* Data shows c.bank funds not getting to firms, consumers
* M3 annual growth rate in Dec 3.3 pct vs 3.8 pct in Nov
* Loans to firms -22 bln euros m/m, to households -3 bln
FRANKFURT, Jan 28 (Reuters) - Loans to companies and households in the euro zone contracted for the eighth month running in December, showing low official borrowing costs are having little success in reviving investment and spending.
The European Central Bank has cut interest rates to a record low and pumped more than 1 trillion euros into the banking sector, which some banks are beginning to repay early in a sign that funding conditions are improving. But lending remains weak.
Loans to the private sector fell 0.7 percent from the same month a year ago, ECB data showed, in line with the mid-range forecast in a Reuters poll of economists.
“The euro zone may be heading for a recovery, but not a credit-fuelled one,” said Berenberg economist Christian Schulz. “Returning confidence in the banking sector may be concealed by the effects of the ongoing recession and deleveraging.”
The monthly flow of loans to non-financial firms fell 22 billion euros in December after falling by 7 billion euros in November. The monthly flow of loans to households showed a drop of 3 billion euros after a rise of 6 billion euros in the previous month.
The cheap funds the ECB is pumping through the monetary system are not reaching households and businesses evenly across the currency bloc as some countries struggle to get their stricken economies back on track, though progress has been made.
On a country-by-country basis, the data showed a 22 billion euro drop in private-sector lending in Spain, the largest monthly fall since July. In Portugal, private-sector lending fell by 2.6 billion, the biggest drop in a year.
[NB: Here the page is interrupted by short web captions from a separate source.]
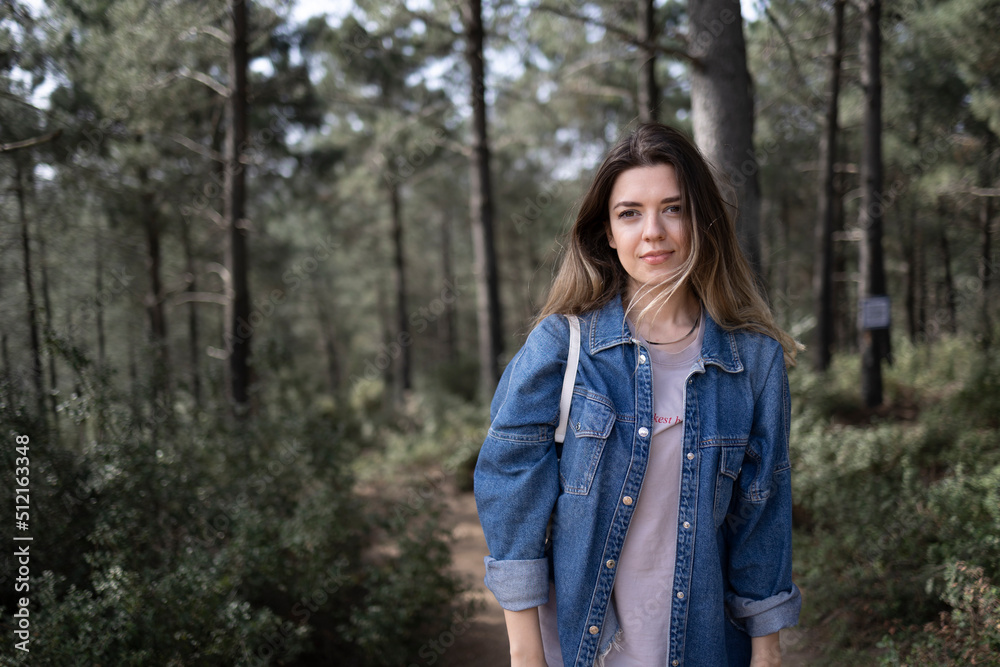 Beautiful young woman in forest. She wears a jean jacket. Beautiful young woman in forest. She wears a jean jacket.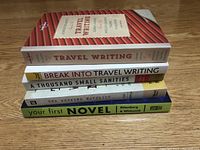 Photo showing five stacked books with titles Travel Writing, Break Into Travel Writing, A Thousand Small Sanities, The Weekend Novelists, and Your First Novel by Pittsberg & Whitcomb.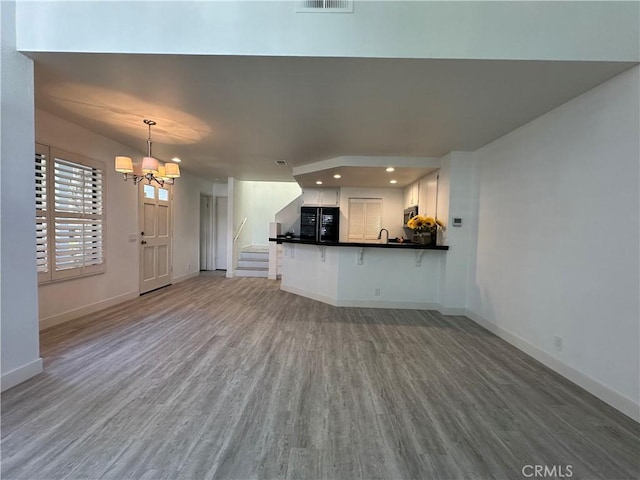 unfurnished living room featuring an inviting chandelier, hardwood / wood-style floors, and sink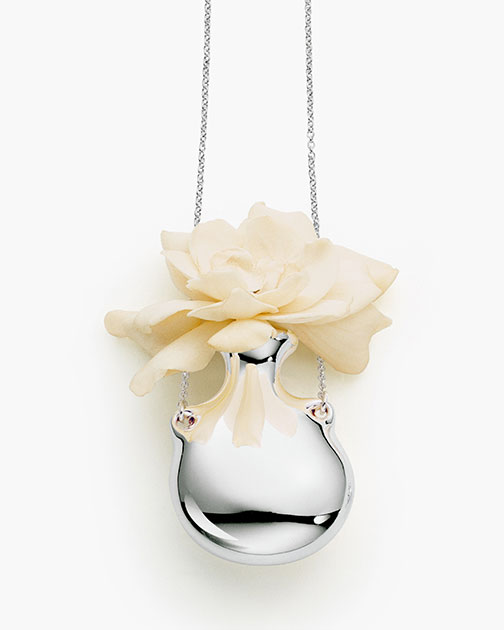 Самый весенний вариант подвески от дизайнера Эльзы Перетти: в полированную серебряную бутылочку неправильной формы, напоминающей гальку, можно, как в бутоньерку, опустить живой цветочный бутон. 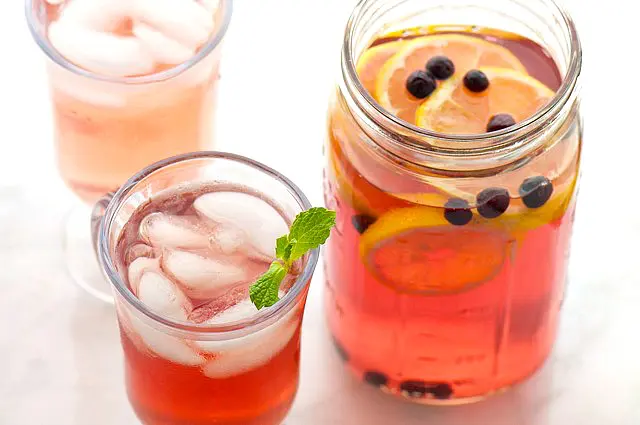 Looking down on two glasses and a mason jar with fruit punch. The jar holds fresh berries and orange slices.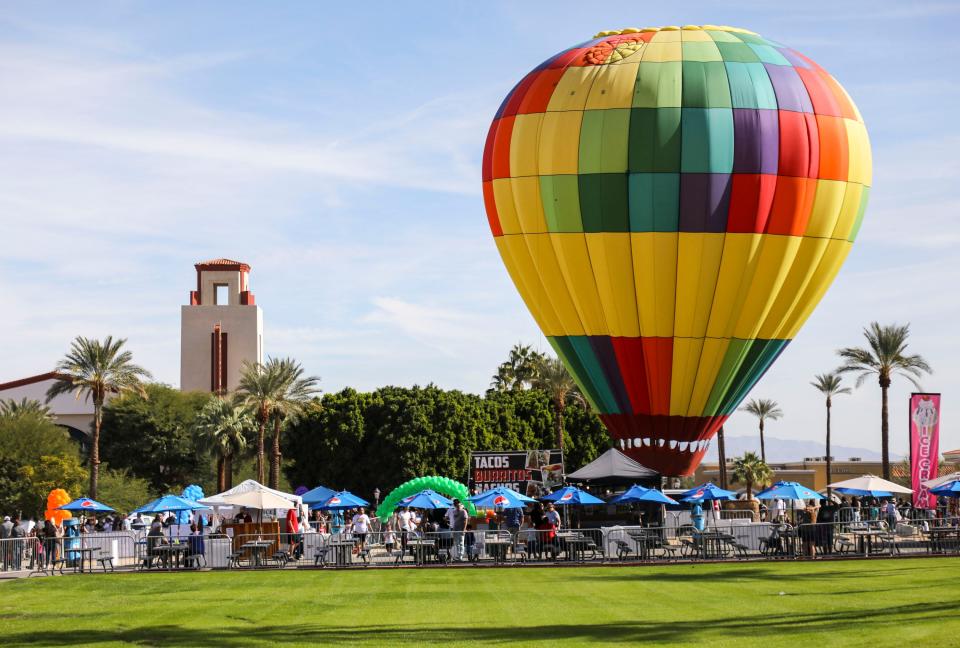 The Vero Beach Balloon Festival is Feb. 5-6 at the Indian River County Fairgrounds & Expo Center. In this Nov. 20, 2021, photo, a hot air balloon tethered for festival goers to take rides is seen in Cathedral City, California.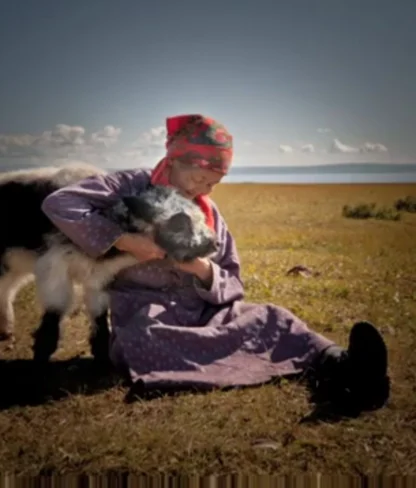 Person in a purple outfit sitting on grass, holding a black and white animal. They are wearing a red patterned headscarf. The background shows a plain with a distant body of water.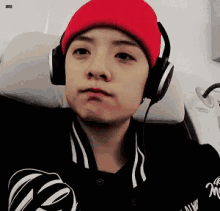 a man wearing headphones and a red beanie is sitting on a chair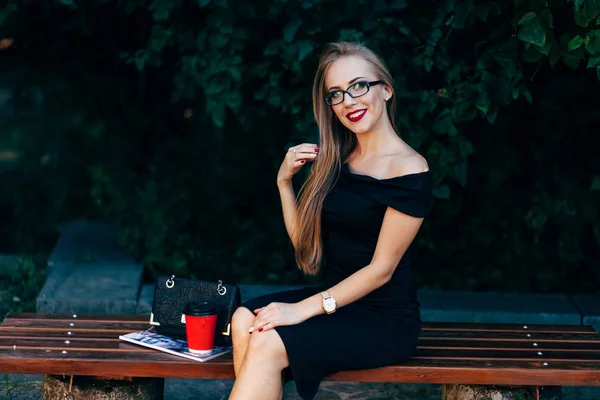 Frau sitzt auf Bank im Park — Stockfoto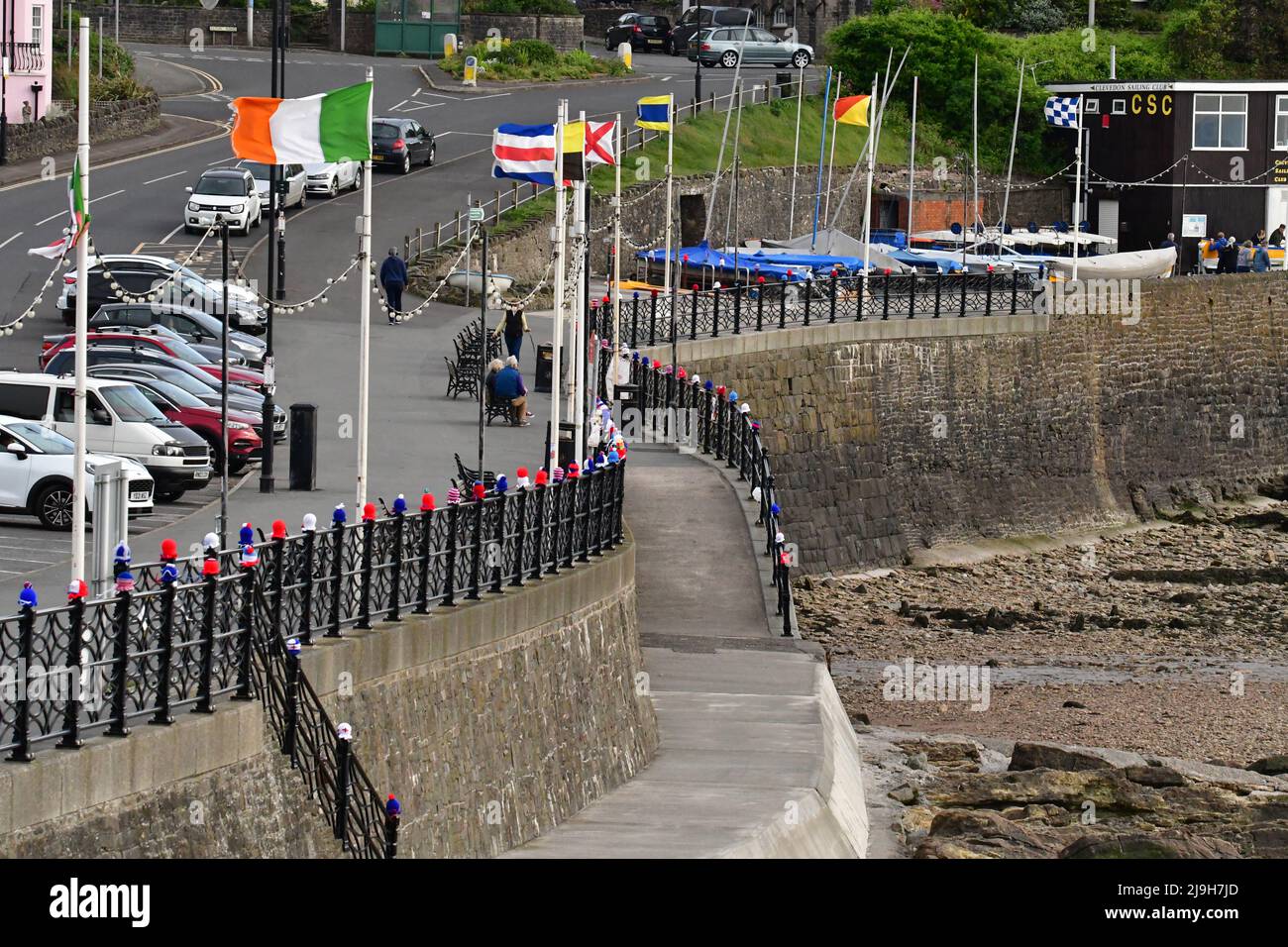 Clevedon, UK. 23rd May, 2022. On a mild Monday evening at Clevedon Seafront, knitted hats of all colors are seen sitting on top of the safety railing which run the entire length of the promenade getting ready for the Queen's Platinum Jubilee. Picture Credit: Robert Timoney/Alamy Live News Stock Photo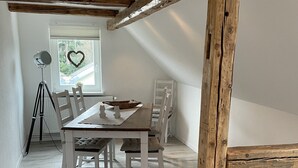 Ein Essbereich mit einem Holztisch und Stühlen, einem Stativ mit einer Kamera und einem herzförmigen Dekorationsobjekt am Fenster.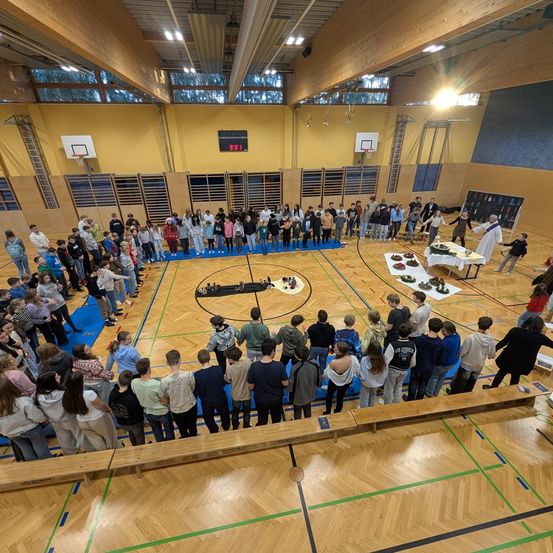 Eine große Gruppe von Menschen ist in einer Turnhalle versammelt. Einige stehen, andere sitzen auf Bänken. In der Mitte steht ein Tisch mit Essen.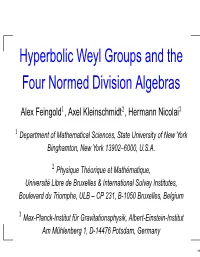Hyperbolic Weyl Groups and the Four Normed Division Algebras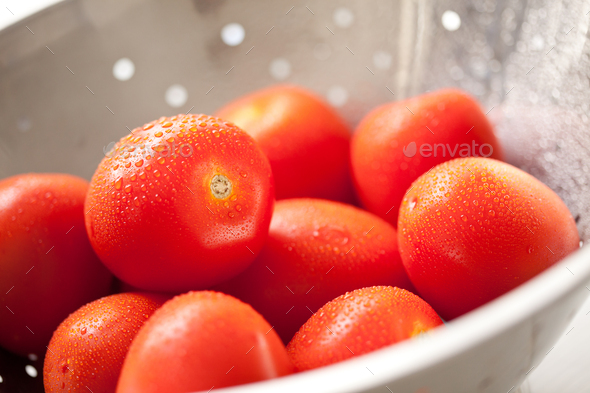 Fresh, Vibrant Roma Tomatoes in Colander with Water Drops - Stock Photo - Images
Italy, however, posted a healthy rise in private-sector loans of 12.6 billion euros to 1.757 trillion euros.
The central bank has taken some of the heat out of the euro zone crisis by announcing a new, as yet unused, bond-purchase programme, but the bloc’s economy remains weak and is expected to have shrunk in the final months of 2012.
ECB President Mario Draghi noted in early January some economic indicators had stabilised at low levels and financial markets’ confidence had improved, which along with the ECB’s accommodative policy should lead to a recovery later this year.
Draghi even spoke of “positive contagion” in financial markets, and Monday’s data pointed in that direction, showing consumers and firms’ deposits in banks in Greece, Italy and to some extent Spain rising in December.
The more upbeat assessment has doused hopes of any further cuts in interest rates but most economists think the economy will contract overall this year.
“The much more positive sentiment about the euro zone future that has prevailed in financial markets so far this year will probably take some time to materialise in greater credit availability and economic growth,” Oxford Economics’ Marie Diron said.
Euro zone M3 money supply - a more general measure of cash in the economy - slowed to annual growth of 3.3 percent in December from 3.8 percent in November, just below the consensus of 3.9 percent from analysts polled by Reuters.